[ 
https://issues.apache.org/jira/browse/SOLR-4016?page=com.atlassian.jira.plugin.system.issuetabpanels:all-tabpanel
 ]

Shalin Shekhar Mangar updated SOLR-4016:
----------------------------------------

    Attachment: SOLR-4016.patch

This patch expands the document before computing signature.

I'm not convinced that it is the right solution. The DUPF gets the updated 
document in a synchronized (bucket) block which we don't.
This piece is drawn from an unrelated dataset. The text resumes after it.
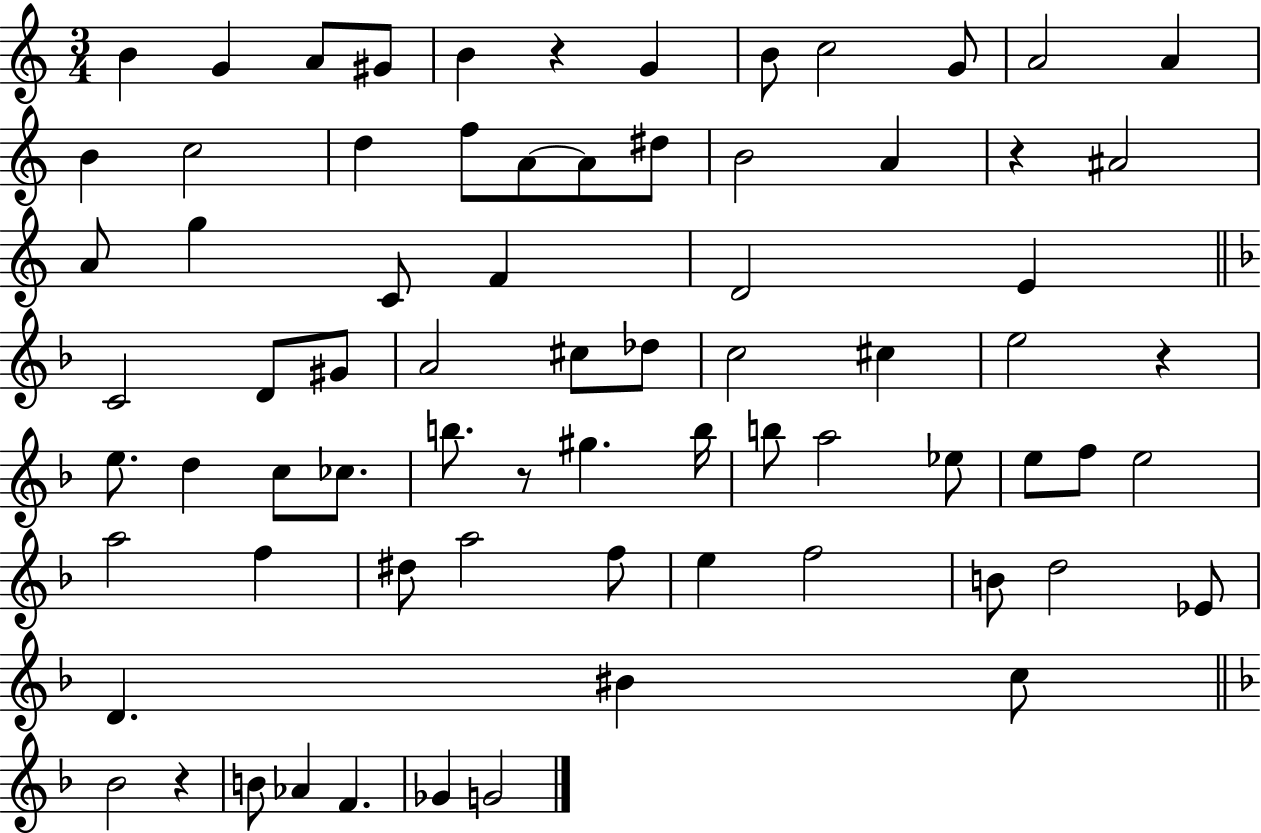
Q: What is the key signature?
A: C major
We could set the 
original document back (after adding signature to it) and let DUPF do its thing 
but that could lead to race conditions.

Perhaps we should decouple the document expansion for partial updates from 
DistributedUpdateRequestProcessor and apply it at the start of the request so 
that all UpdateRequestProcessors can work on the full document.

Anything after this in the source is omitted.